The artifacts that lay all over the surfaces in Wexford’s office - in court they would have been called ‘exhibits’ - included Carroll’s twelve-bore, a muddied copy of Kim magazine, a circular knitting needle, size six, and some of the contents of the dead woman’s coat pockets. There was something distressing, though scarcely pathetic, about that lipstick in its shiny gilt case, the red of a fire engine The almost white face powder with its faint iridescence had been marketed f someone young and fair, someone like Lesley Arbel. The chequebook for the joint account was in the names of C. L. Sanders and D. K. Sanders and - at least during the lifetime of this particular book it had been used only to draw sums of cash. A hundred pounds a month was what Dorothy Sanders had drawn during the past two years. It wasn’t much, it was modest, but for the past two years her income had been supplemented by Clifford’s earnings.

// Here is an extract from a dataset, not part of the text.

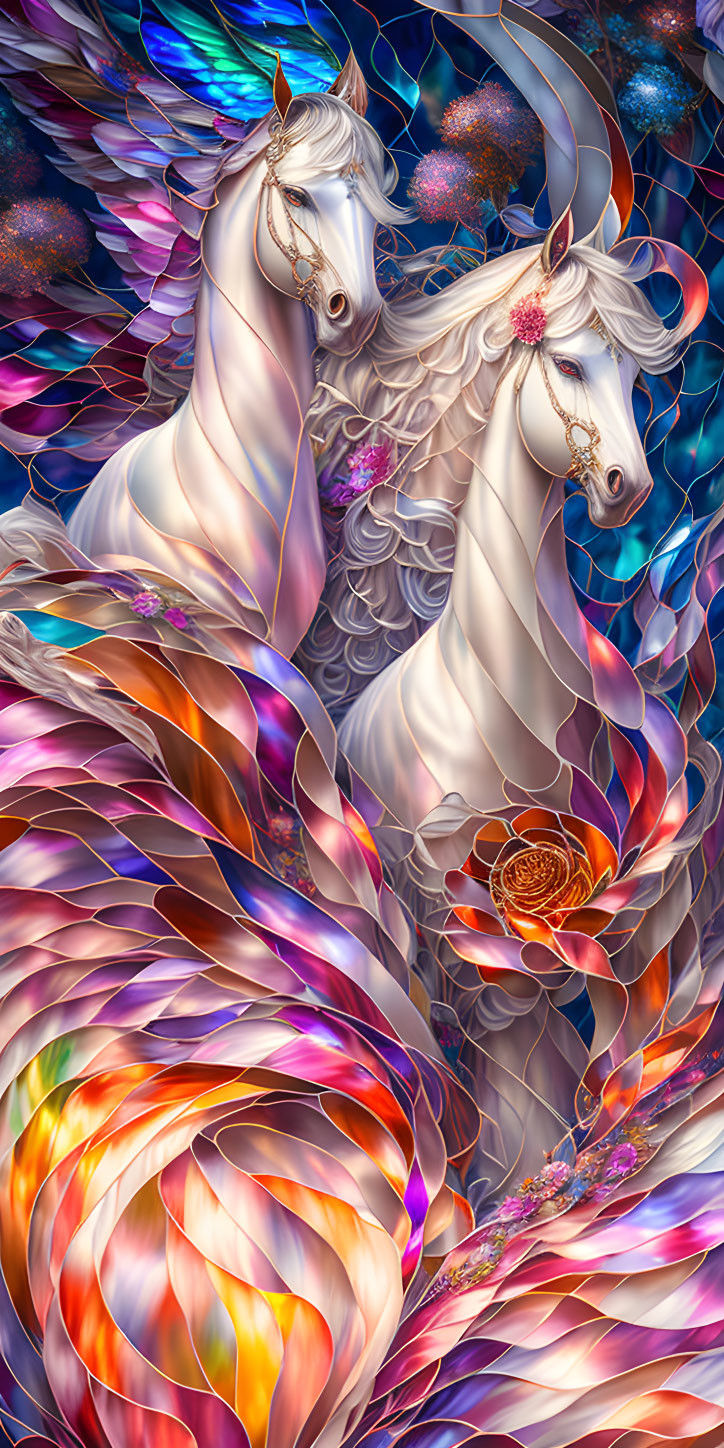 Mythical unicorns with colorful wings in cosmic setting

   That morning Kingsmarkham magistrates had committed him for trial on a charge of murder and remanded him in custody until the trial was due. Even Burden could see now that there could be no other murder charge for him to face, that it was impossible for him to have been guilty of the death of Gwen Robson. He had seen Clifford driven away to the remand prison at Myringham before he and Wexford left for Ash Farm and had not mentioned him since. But now he came into Wexford’s office and spoke abruptly.

   ‘I felt I should have stood up before the magistrates and said I wanted to make a statement. I should have admitted my responsibility - well, my share in what that poor little guy did.’

   ‘“Poor little guy”, is it now? What’s become of your much-vaunted principle of reserving pity for the victim?’ Wexford was reading a letter, nodding from time to time as if what he read brought him a long-awaited satisfaction. He winced at the sounds that were coming from the depths of the building, a steady crash-crash-crash, and looked up at Burden irritably.